French mathematician who has been called the founder of the modern theory of numbers


Pierre de Fermat
“Posterity will thank me”

Illustrated Quote - Medium (500 x 250 px)

“Perhaps, posterity will thank me for having shown that the ancients did not know everything.”
— Pierre de Fermat
In letter (Aug 1659) to Pierre de Carcavi.

More Pierre de Fermat quotes on science >>

In Aug 1659, a few years before he died, Pierre de Fermat wrote a letter to Pierre de Carcavi, titled “Relation des Nouvelles Découvertes en la Science des Nombres” (Account of New Discoveries in the Science of Numbers), which he ended with this thought about his mathematical endeavour:

“Et peut-être la posterité me saura gré de lui avoir fait connaître que les Anciens n’ont pas tout su,…”

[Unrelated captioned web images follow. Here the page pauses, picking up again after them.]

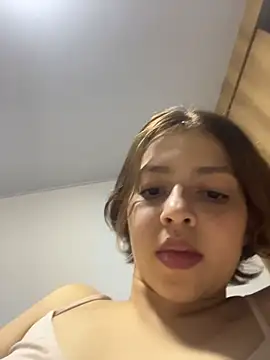 AlessiaPearly webcam
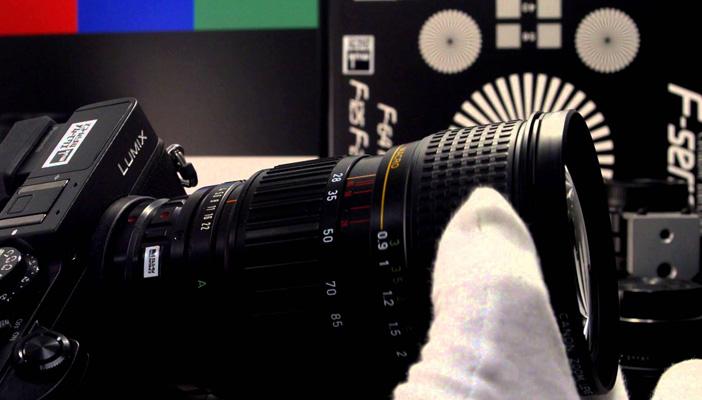 باناسونيك تطلق كاميرتها عديمة المرايا الجديدة LUMIX DMC-GX85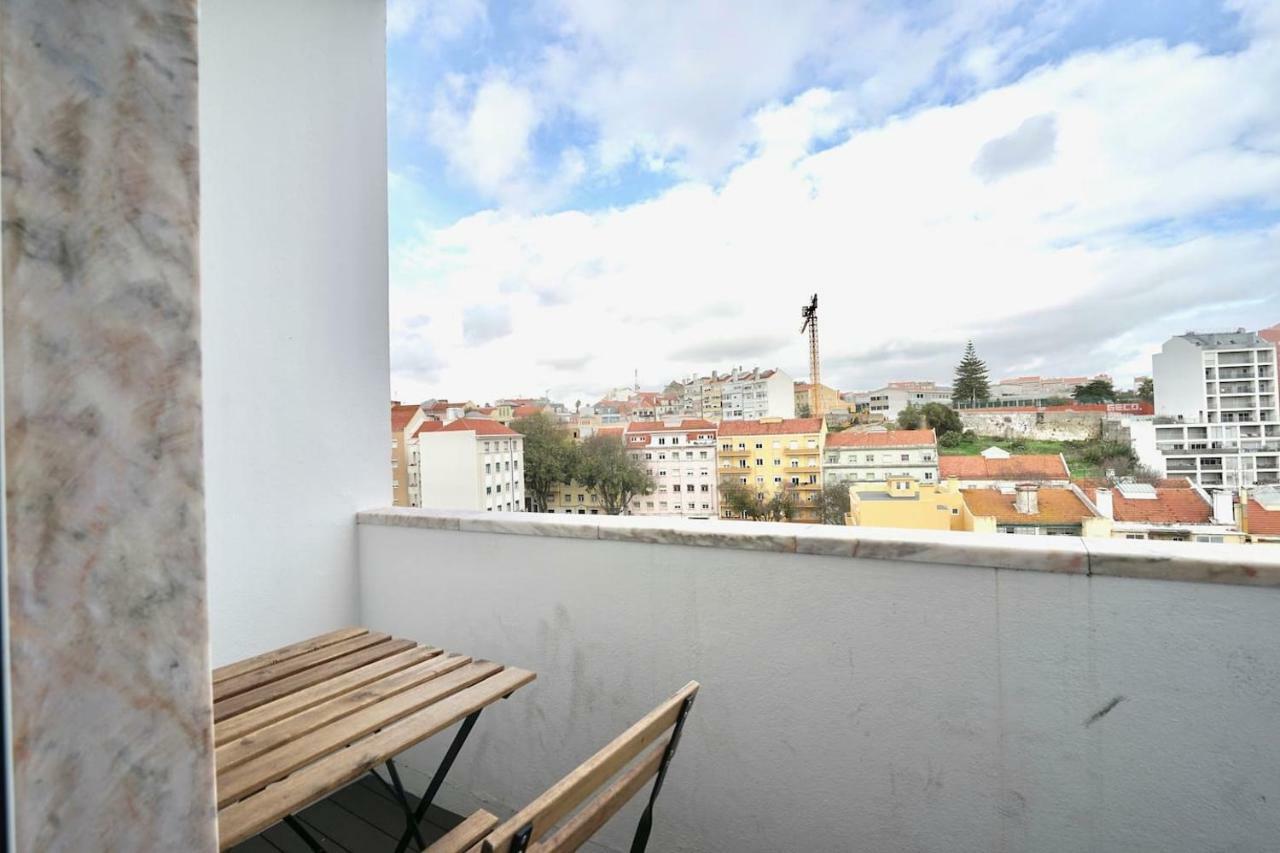 Stunning Graca Riverview Flat Apartment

Translated from its original French, we recognize it as the familiar quotation:

“And perhaps, posterity will thank me for having shown that the ancients did not know everything,…”

In his letter, Fermat continued this final sentence, writing:

…“et cette relation pourra passer dans l'esprit de ceux qui viendront après moi pour traditio lampadis ad filios, comme parle le grand Chancelier d'Angleterre, suivant le sentiment et la devise duquel j'ajouterai:

Multi pertransibunt et augebitur scientia.

Assisted by Google, Webmaster translates this roughly as:

…and this account will reach the minds of those who come after me for traditio lampadis ad filios as saith the great English Chancellor, with the sentiment and the motto which I will add:

Multi pertransibunt et augebitur scientia.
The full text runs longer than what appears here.